More money for affordable homes is a drop in the ocean

5th Mar 2025
David J Alexander

Last week saw the publication of a report called ‘Still Waiting’ commissioned by the Scottish Federation of Housing Associations and the Wheatley Group which revealed that nearly 250,000 people in Scotland are on a waiting list for a social home.

This report came in the same week that Holyrood voted to increase spending on affordable homes – increasing the budget for 2025/26 to £768m, which will build 8,000 new homes in the coming year. While everyone welcomes this funding increase it is only 1.9 per cent higher than 2023/24, when £752m was allocated.

This means that for the near quarter of a million on the social housing waiting list it will be a period of a decade or so before this level of investment meets demand, and that is assuming that nobody else joins the list.

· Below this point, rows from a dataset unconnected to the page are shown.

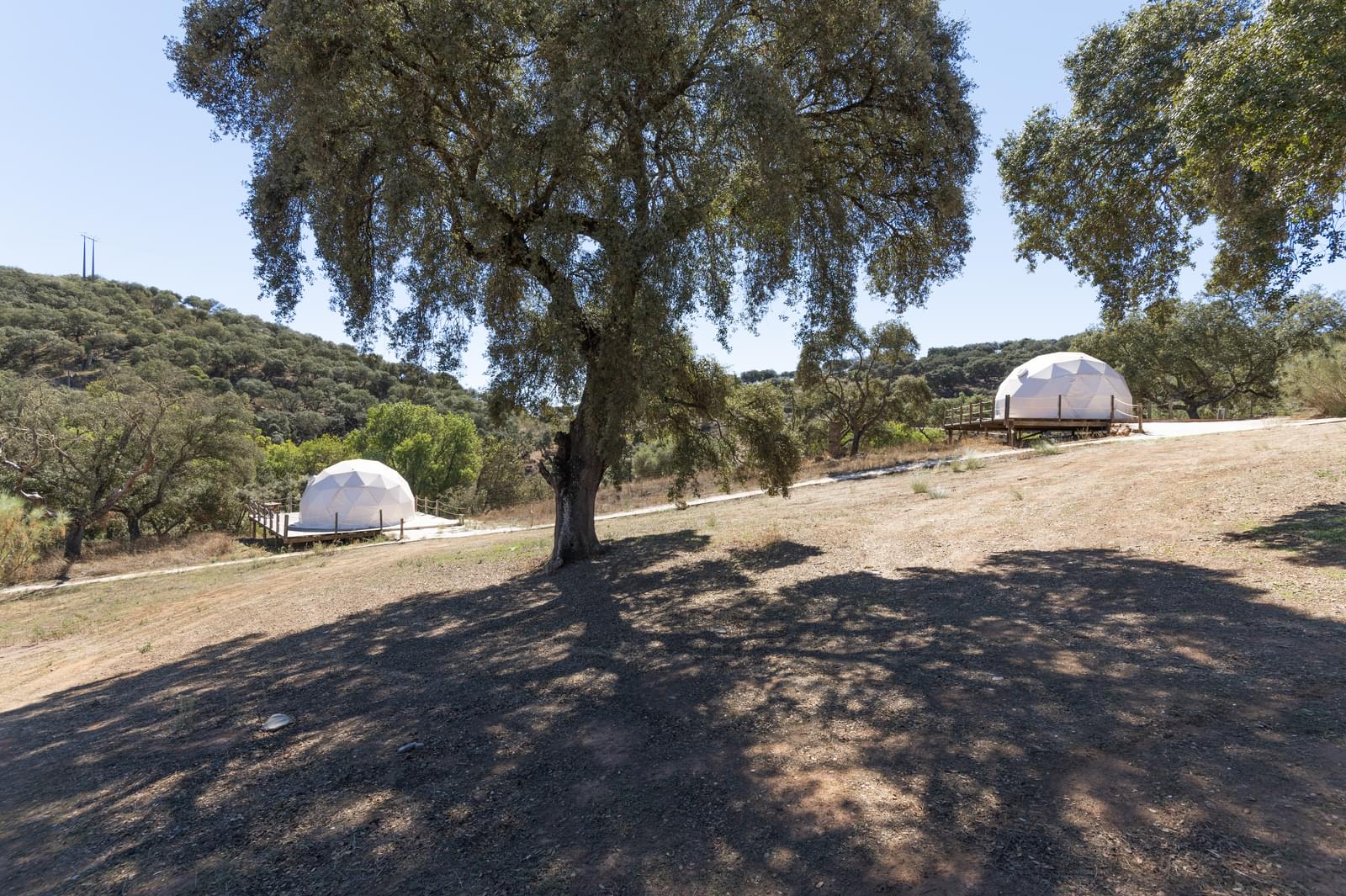22 Bedroom Farm/Ranch/Plantation's Image 97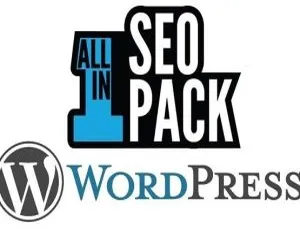 All in One SEO Pro 4.4.4汉化版：WordPress专业SEO插件高效优化指南-蓝海网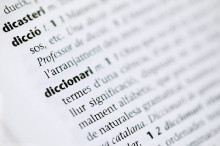 diccionari llengua català catalana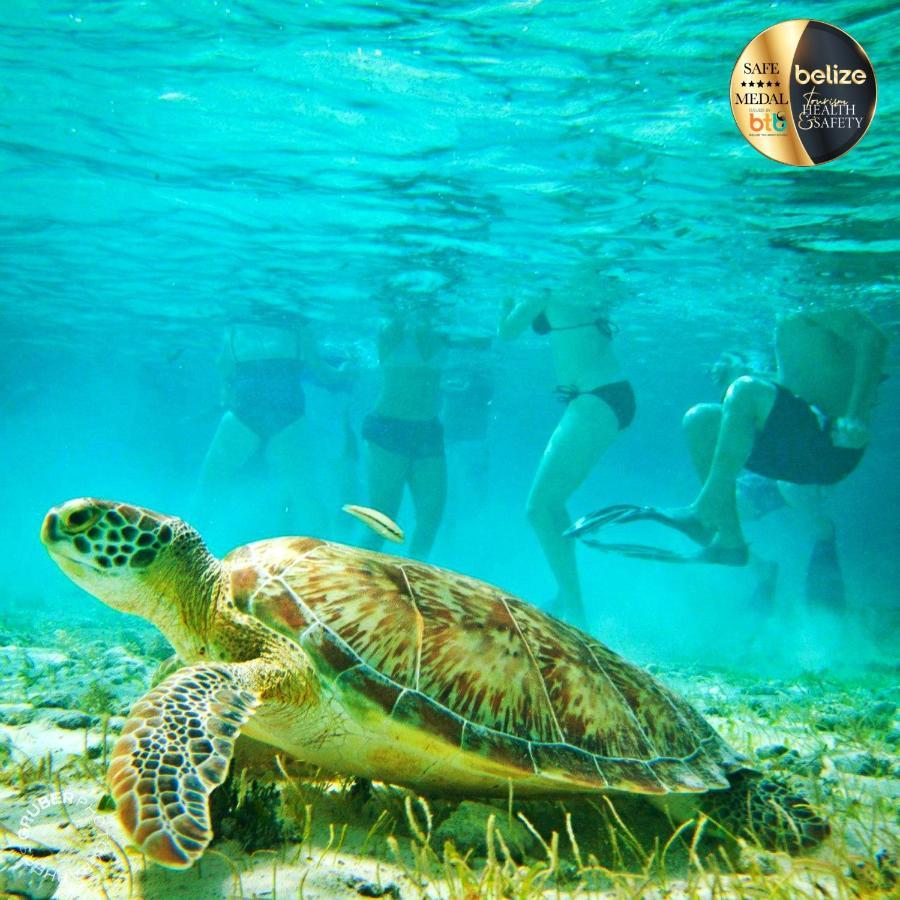 סן פדרו Portofino Beach Resort-An Authentic Island Escape! מראה חיצוני תמונה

The reality is that, while it is welcome that more is being spent, it is clear that this is insufficient to even remotely meet the demands of tenants in Scotland.

Meanwhile the Heat in Buildings Bill and the Housing Scotland Bill are both progressing through Holyrood. While few would doubt the laudable aims of the Heat in Buildings Bill in creating greener, more fuel-efficient homes it is the timescale and level of costs which make this untenable. Equally the Housing Scotland Bill seeks to address current housing needs with policies which will almost certainly exacerbate demand and increase rents.

The truth is that both these bills do not address the present housing emergency and have an agenda and timescale for implementation which will do little to help those with immediate housing needs. These are bills developed out of ideology and political expediency which do nothing to put a roof over the heads of tenants across Scotland.

The heating bill has set unrealistic targets which will not be met and won’t improve issues such as fuel poverty for many years to come. The Housing Scotland bill seeks to control the free market which – as the Scottish Government’s own data shows – has simply exacerbated prices in the private rented sector (PRS) over the last three years.

The solution is to encourage more housebuilding in all sectors, work with the private rented sector to produce greater investment and seriously increase the levels of investment in social housing. This is an issue which is not going to go away, which requires serious debate and immediate action.

Only by bringing together the housebuilders, the social housing sector, the private rented sector, and politicians will we even begin to start to address the very real, and serious issues which Scotland faces in meeting the needs of its population now and in the future.

This is not an issue which can be dealt with in a single five-year political cycle but one that requires the vision and the sense that only an all-sector approach would have, and which would address the major problems which Scotland faces in dealing with the current housing emergency. This requires an overarching, clear-sighted, and impartial approach to meeting housing needs and must begin immediately if the waiting lists are to fall, if demand is to be met, and if homes are to be provided for those that need them.